We report the serendipitous detection by the XMM-Newton X-ray Observatory of an X-ray source at the position of the Type I (He- and N-rich) bipolar planetary nebula Hb 5. The Hb 5 X-ray source appears marginally resolved. While the small number of total counts (~170) and significant off-axis angle of the X-ray source (~7.8') precludes a definitive spatial analysis, the morphology of the X-ray emission appears to trace the brightest features seen in optical images of Hb 5. The X-ray spectrum is indicative of a thermal plasma at a temperature between 2.4 and 3.7 MK and appears to display strong Neon emission. The inferred X-ray luminosity is L_X = 1.5 x 10^32 ergs/s.
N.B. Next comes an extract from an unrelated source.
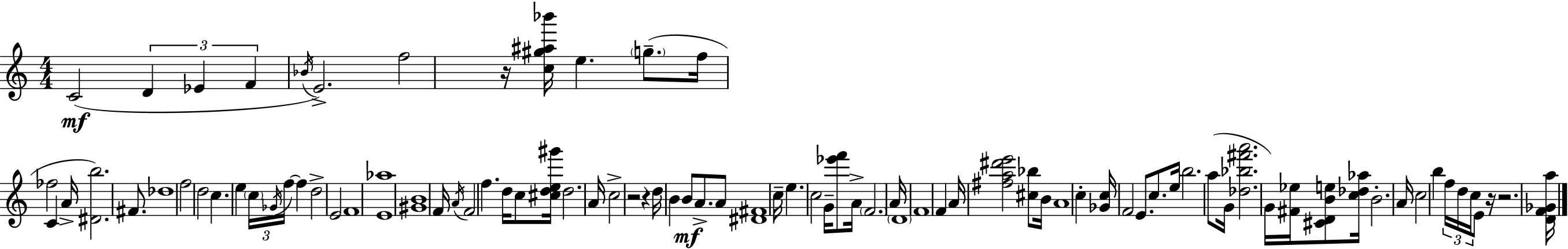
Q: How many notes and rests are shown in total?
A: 90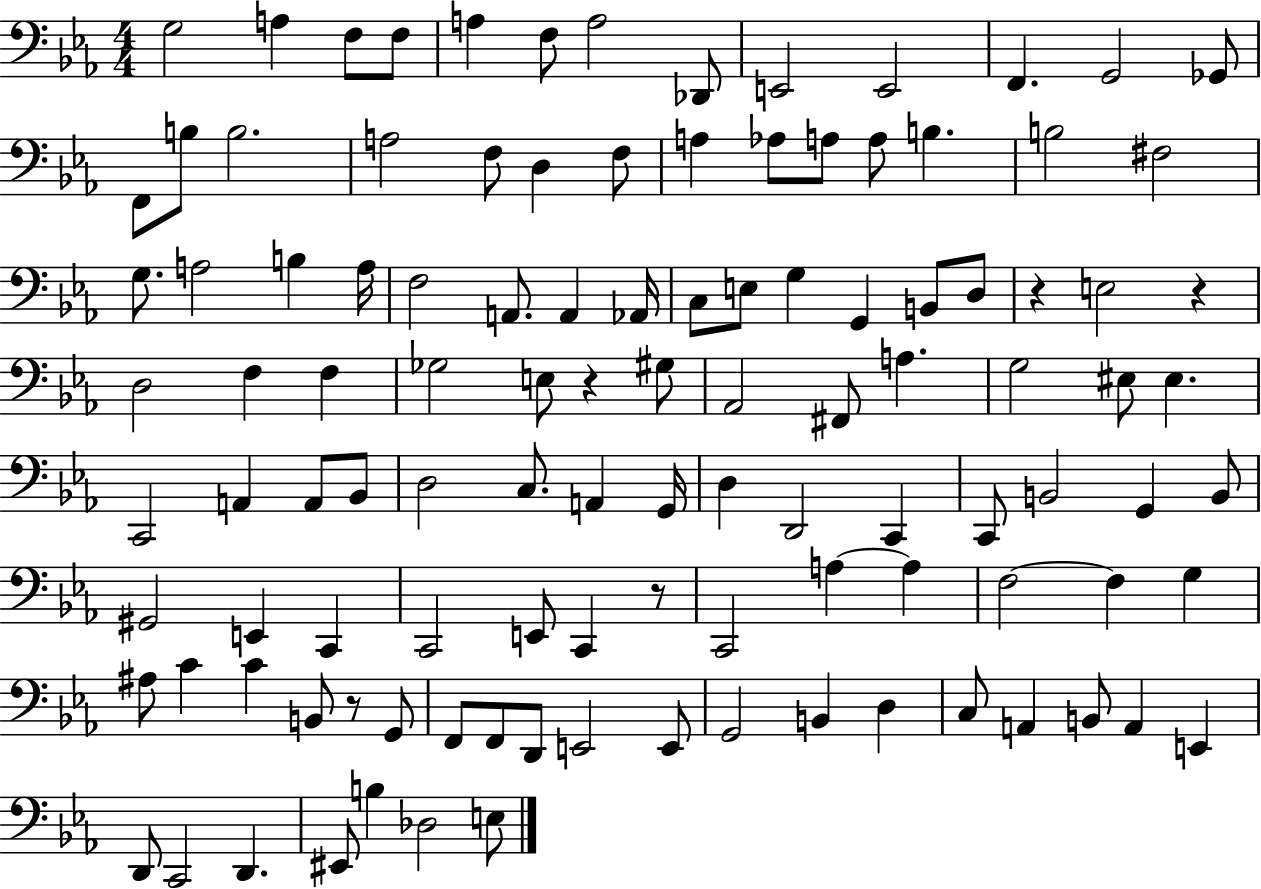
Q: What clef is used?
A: bass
These results suggest that the detected X-ray emission is dominated by shock-heated gas in the bipolar nebula, although we cannot rule out the presence of a point-like component at the position of the central star. The implications for and correspondence with current models of shock-heated gas in planetary nebulae is discussed.
Department, Program, or Center
Chester F. Carlson Center for Imaging Science (COS)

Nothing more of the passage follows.